In this new post, Tools to Automate User Story Verification – Part 2: Incorporating SCM, Craig shows how to link the user story to a changeset in the SCM system, in this case, Subversion. And since its likely that the source file will be revised a number of times through the course of an iteration, Craig illustrates how, with the addition of a small custom program provided by Barry Mullen , “an Iteration Diff Report App can be used to pull all those revisions together and, in the case of viewvc users, create a link to the diff for all changes. This is useful for conducting code and/or security audits of the code changed for that iteration.”

This part completes the user-story-verification-via-tooling part of our high assurance story.

However, the second part of the post illustrates another important step, which is an in-sprint validation step. Since, the inclusion of the new story into the baseline changes the behavior of the system, it is necessary to assure that the whole system still works as intended.  To help make this a largely automated function, Craig shows how an  an integration from the agile project management tool (in this case Rally) to the automated build system (in this case Hudson) monitors the build health during the course of the iteration, thereby assuring that all the build verification tests (new and old) still pass when the new story is added to the baseline.

In the next post in this series, we’ll look at tooling to support the higher level traceability path, from the feature in the Product Requirements Document to the User Stories in the Software Requirements Specification, (or equivalent repository).
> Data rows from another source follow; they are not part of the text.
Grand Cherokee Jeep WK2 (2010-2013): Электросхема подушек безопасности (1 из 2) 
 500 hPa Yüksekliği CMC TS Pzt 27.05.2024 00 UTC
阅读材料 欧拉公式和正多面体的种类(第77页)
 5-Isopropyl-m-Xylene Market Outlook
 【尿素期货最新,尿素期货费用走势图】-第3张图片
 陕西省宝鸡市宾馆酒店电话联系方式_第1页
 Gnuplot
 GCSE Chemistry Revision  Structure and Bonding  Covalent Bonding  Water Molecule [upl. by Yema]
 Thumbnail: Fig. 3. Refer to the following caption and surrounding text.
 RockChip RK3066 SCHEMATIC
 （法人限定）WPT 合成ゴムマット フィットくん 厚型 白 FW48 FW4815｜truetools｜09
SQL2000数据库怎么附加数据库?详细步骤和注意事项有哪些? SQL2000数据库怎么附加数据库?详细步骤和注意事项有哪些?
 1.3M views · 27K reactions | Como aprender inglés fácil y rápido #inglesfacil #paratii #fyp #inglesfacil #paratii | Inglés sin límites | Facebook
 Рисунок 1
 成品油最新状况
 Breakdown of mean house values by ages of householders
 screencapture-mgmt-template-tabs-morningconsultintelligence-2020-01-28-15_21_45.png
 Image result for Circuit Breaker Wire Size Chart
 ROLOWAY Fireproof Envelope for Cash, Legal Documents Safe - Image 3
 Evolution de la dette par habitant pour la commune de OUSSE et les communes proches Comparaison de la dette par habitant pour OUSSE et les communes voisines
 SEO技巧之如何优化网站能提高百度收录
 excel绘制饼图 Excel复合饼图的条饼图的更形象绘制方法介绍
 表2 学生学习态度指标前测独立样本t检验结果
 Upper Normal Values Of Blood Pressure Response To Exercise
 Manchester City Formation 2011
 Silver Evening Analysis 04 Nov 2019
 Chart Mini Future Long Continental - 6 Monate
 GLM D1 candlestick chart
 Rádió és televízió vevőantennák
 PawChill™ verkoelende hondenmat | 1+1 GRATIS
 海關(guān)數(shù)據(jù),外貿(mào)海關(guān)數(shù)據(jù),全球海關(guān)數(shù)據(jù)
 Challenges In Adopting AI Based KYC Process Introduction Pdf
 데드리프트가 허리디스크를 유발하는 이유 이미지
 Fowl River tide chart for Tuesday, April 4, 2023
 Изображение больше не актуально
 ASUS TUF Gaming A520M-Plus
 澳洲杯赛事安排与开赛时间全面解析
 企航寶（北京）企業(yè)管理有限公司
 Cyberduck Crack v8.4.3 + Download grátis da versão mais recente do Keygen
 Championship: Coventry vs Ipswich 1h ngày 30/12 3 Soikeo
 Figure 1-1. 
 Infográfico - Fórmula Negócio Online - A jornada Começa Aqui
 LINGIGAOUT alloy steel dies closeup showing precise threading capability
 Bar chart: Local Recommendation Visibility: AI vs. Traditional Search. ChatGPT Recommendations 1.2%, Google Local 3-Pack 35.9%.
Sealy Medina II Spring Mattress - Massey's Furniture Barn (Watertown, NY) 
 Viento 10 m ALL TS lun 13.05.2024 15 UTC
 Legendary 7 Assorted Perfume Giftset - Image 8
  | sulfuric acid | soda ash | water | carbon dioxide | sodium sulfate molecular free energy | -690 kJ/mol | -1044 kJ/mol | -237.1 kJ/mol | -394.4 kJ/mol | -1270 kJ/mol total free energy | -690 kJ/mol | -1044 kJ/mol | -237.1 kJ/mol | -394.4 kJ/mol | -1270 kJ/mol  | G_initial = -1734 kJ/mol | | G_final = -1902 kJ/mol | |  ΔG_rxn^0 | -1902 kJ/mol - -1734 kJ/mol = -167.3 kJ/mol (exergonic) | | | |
Tooling to Automate User Story Verification

In a recent post, I noted that Craig Langenfeld, my co-contributor on the Agile in High-Assurance and Regulated Environments series, was beginning to describe how tooling can be used to automate (or semi-automate) much of the formal verification activities we’ll need to assure that a) our software works exactly as intended, and b) leaving a traceability-audit trail for the device history records as called out by the company’s quality management system (QMS).

In earlier posts in this series, I described an important sub-thread, which is the verification of user stories in the course of each iteration. I pointed that in order to assure that each new user story works as intended, we’ll want to verify it via three traceability paths:

  • User story to code – path to the SCM record that illustrates when and where the code was changed to implement the story
  • User story to code-level unit test (the “white box” test which helps assure the new code works to its internal (code level) specifications
  • User Story to Story acceptance tests (black box testing of the user story to make sure the system functions as intended)

Craig has recently published his first two posts on this important sub-thread in our larger verification and validation picture. In his first post he describes two things:

1)   How built in story to task relationships increase the rigor and traceability of the TASKS we’ll use to define|build|verify each user story, and

2)   How you can use Rally to persist the story, the story acceptance tests and the story to acceptance test verification paths. (Bullet #3 above).

However, for many practitioners Rally is not the only tool in the project environment, so in a second post he describes how HP Quality Center can be used to perform Verification Testing on User Stories that are planned, tracked, and managed within Rally.

As I mentioned in a prior post in this series, effective, scalable agile project management tooling is a critical component to developing and documenting high-assurance software, so I am happy so see these tooling examples and look forward to the next few posts in Craig’s series. As usual, I’ll keep you “post”ed.